It’s no surprise that employees can be feeling a little deflated at the beginning of the year. But they can be easily re-engaged, says Martin Reed
Despite being the shortest month, February can feel very long. Without the promise of a Christmas bonus or a summer break to help motivate employees, you may find you need to go back to grass-roots to motivate and inspire your team. This relatively fallow time of year can be a great time to regroup and reinvigorate your workforce.
The first step in reassessing your team is to understand where they are in the development process and what you can do to support them during that stage. When looking at how best to do this, it’s worth keeping Bruce Tuckman’s team development model in mind – Tuckman proposed four main phases: Form, Storm, Norm and Perform. Each stage has its own criteria for success, and an awareness of where your team is in the process will help you assess where to concentrate your efforts in refining the team dynamic.

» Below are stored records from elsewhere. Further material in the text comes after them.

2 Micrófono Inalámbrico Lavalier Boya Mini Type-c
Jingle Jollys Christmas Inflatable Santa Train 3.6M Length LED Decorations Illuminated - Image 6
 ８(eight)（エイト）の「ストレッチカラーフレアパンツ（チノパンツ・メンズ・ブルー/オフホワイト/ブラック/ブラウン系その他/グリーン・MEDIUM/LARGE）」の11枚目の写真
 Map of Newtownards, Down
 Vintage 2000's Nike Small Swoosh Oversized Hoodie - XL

Clearly, forming a team is the crucial first phase and success at this stage comes from knowing what kind of team you want to create and what types of people you need in it. A well-balanced team involves people whose experience, skills, perspectives, interests and contributions complement one another, rather than duplicate or counteract each other. In our psychometric assessments, we often see teams made up of one dominant behavioural trait – for example, the board of a company is often comprised of people with dominant and commanding behavioural traits (‘High Ds’), but it also needs a representation of other elements to ensure it’s not totally disengaged from the operation of the business. When putting together a new team, it’s useful to consider the different behavioural profiles to make sure you get a balanced mix of people who will lead, follow, create, plan and deliver.

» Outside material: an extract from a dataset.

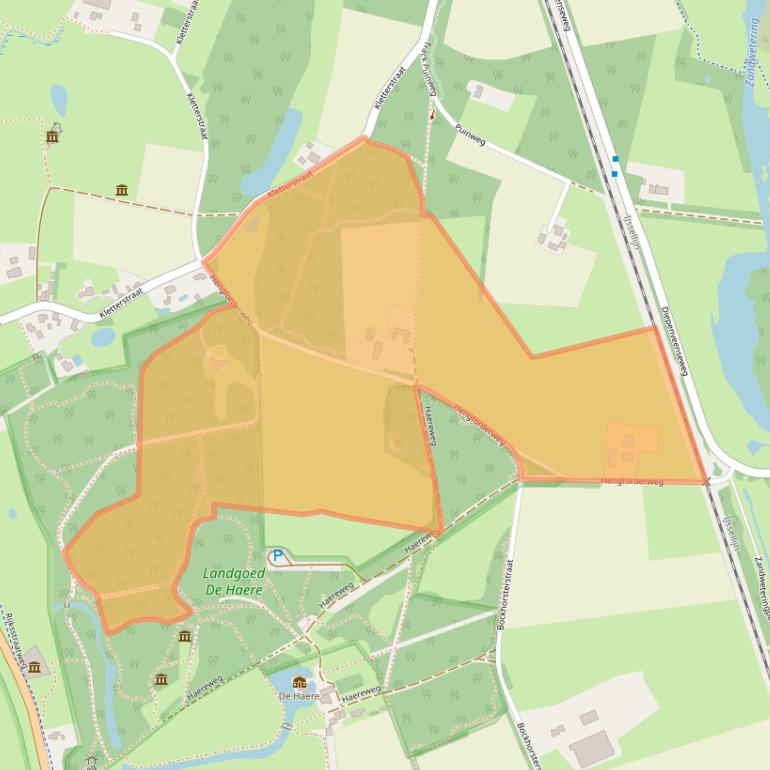 Kaart van postcodegebied 8121PK.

How to motivate your team during this stage: Team members tend to function as individuals at this point so team leaders need to be pro-active and directive in team-building and sharing vision.
The second phase is where different ideas compete for attention and teams hit a glass ceiling. Lack of understanding of each other can mean team members start to play the ‘blame game’ and point fingers at the perceived shortcomings of others. Self-awareness and an awareness of other people’s work styles are crucial if a team is going to reach its performance goals – there needs to be an understanding that differences are not good or bad, better or worse, but just different. Each member must recognise their own limitations and recognise that there are people on the team who can do things better than them.

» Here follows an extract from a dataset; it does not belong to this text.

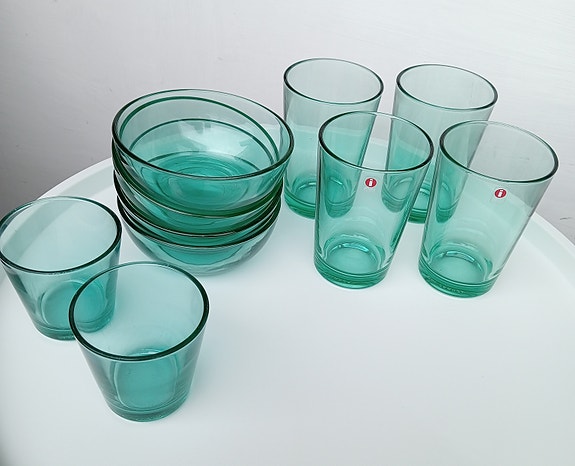 Iittala Kaj Franck merenvihreät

How to motivate your team during this stage: At this point, the role of the team leader is to build awareness, either using tools such as psychometric assessment, or simply by encouraging open and honest communication to generate understanding of other’s work styles. The team leader needs to be assertive in bringing conflicts into the open and clarifying work goals and objectives. This phase can be destructive if you don’t manage the situation firmly enough. Encourage your team to reach an acceptance that ‘we’ have a joint problem and ‘we’ need a joint strategy to tackle it. An effective team player knows when to delegate and when to take responsibility and an effective manager knows how to encourage this level of self-recognition and cooperation.
Recognition plays an important part in the ‘norming’ process, which is where a team will start to relate to each other, build commitment and achieve consensus. They don’t have to agree but must concede that others have a valid point of view. Teams fail because of mismatched needs, unresolved conflict, personality clashes and lack of trust. All these can be addressed through understanding and recognising how each person in the team behaves and responds in different situations. In a typical team, there will be people who are systematic, careful and precise but there will also be people who are assertive, driven and goal orientated. Despite these differences, a successful team will commit to group decisions even though they may not personally agree with them.
How to motivate your team during this stage: At this point your team needs to have one clear goal and vision, and as manager you need to celebrate increased cooperation as roles and responsibilities become clearer and agreements on expectations are reached.
At this stage, everyone takes responsibility and has the ambition to work for the success of the team. It’s very easy for a team that’s under pressure or lacking motivation to lose its focus.
How to motivate your team during this stage: A successful manager needs to maintain the ‘vision’ and have the ability to keep a clear focus on what the team is trying to achieve and its objectives in terms of overall strategy. A good leader will maintain high morale by keeping a clear focus themselves and ensuring that vision is shared by team members and they don’t drift too far from it.
Good teamwork is vital in helping a business achieve its objectives and even in the quieter months of the year it’s empowering to know there are things you can do, tools you can use and proven techniques you can employ to make sure your team is focused, committed and performing to the best of their abilities as you face the year ahead.